A different view from “Political Wire” —
Democrats are under pressure to show they can stand up to President Trump.
Some progressive voices — especially Ezra Klein and Robert Reich — are urging the party to shut down the government at the end of the month.
They argue Trump is seizing power undemocratically and that Democrats have no choice but to use the only leverage they have left: cutting off funds.
But history shows shutdowns are a losing strategy.
The party forcing a lengthy standoff never comes out ahead. Republicans in 1995 and in 2013, and Trump himself in 2019 all discovered the same lesson: the public blames the side that caused the shutdown.
The logic is simple. When the government closes, voters see the pain—unpaid workers, shuttered services, more inconvenience. The pressure builds not on the president, but on the party that triggered the crisis.

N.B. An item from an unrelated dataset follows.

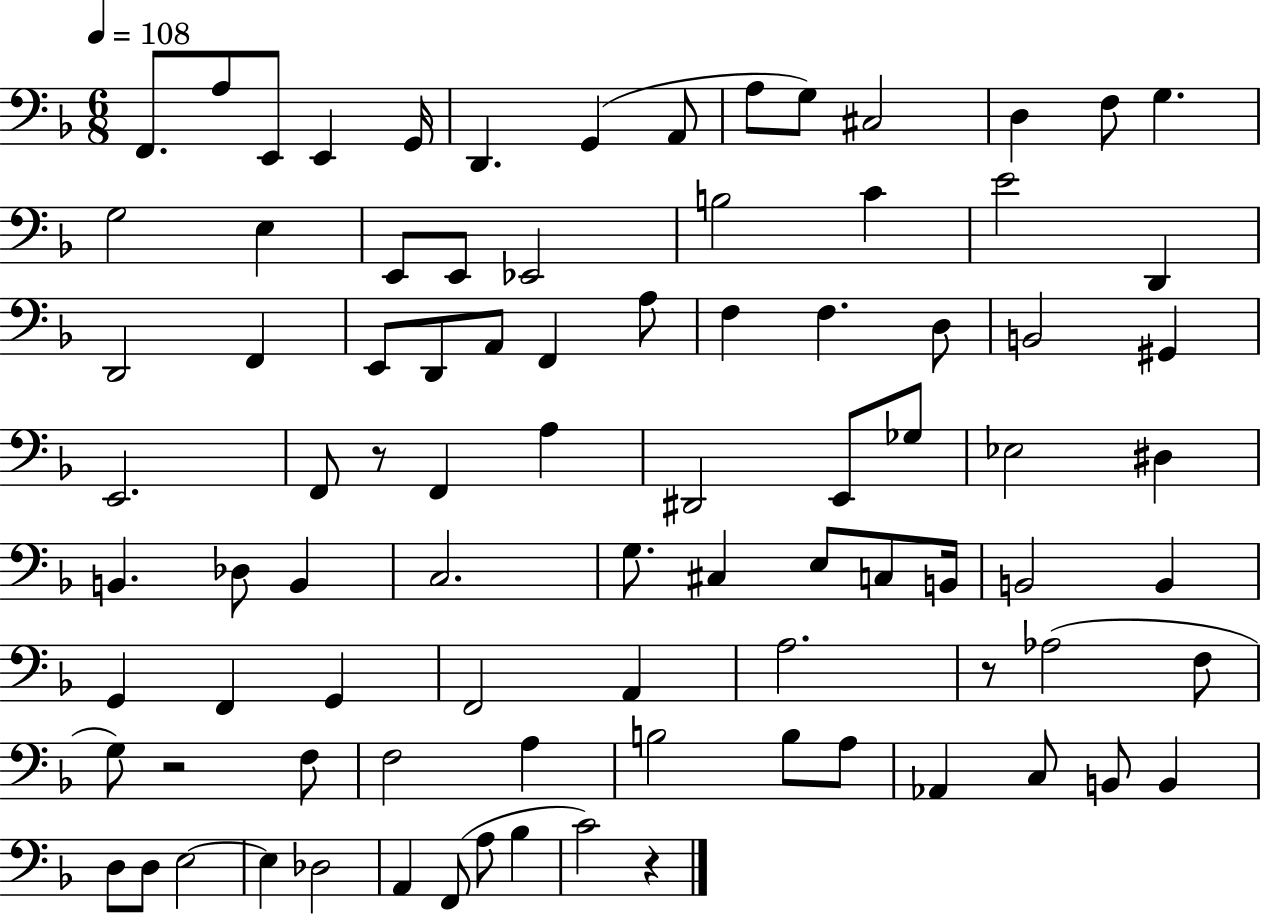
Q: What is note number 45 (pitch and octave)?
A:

Eventually, they cut a deal that usually looks worse than what they could have had before the standoff began.
And in this case, the risk for Democrats is even greater.
Trump has no personal stake in whether the government operates. He’s not about to be forced to sign a bill just to end a shutdown he doesn’t mind continuing.
If Democrats somehow hold firm in the face of growing anger among voters, Senate Republicans could simply use the moment to abolish the filibuster and ram through their own spending bills.
In that case, Democrats get absolutely nothing.
Democrats can’t block Trump by paralyzing the government. Their only real option is to win back control of the House or Senate in 2026.
And it’s quite possible that forcing a shutdown will make that goal much harder.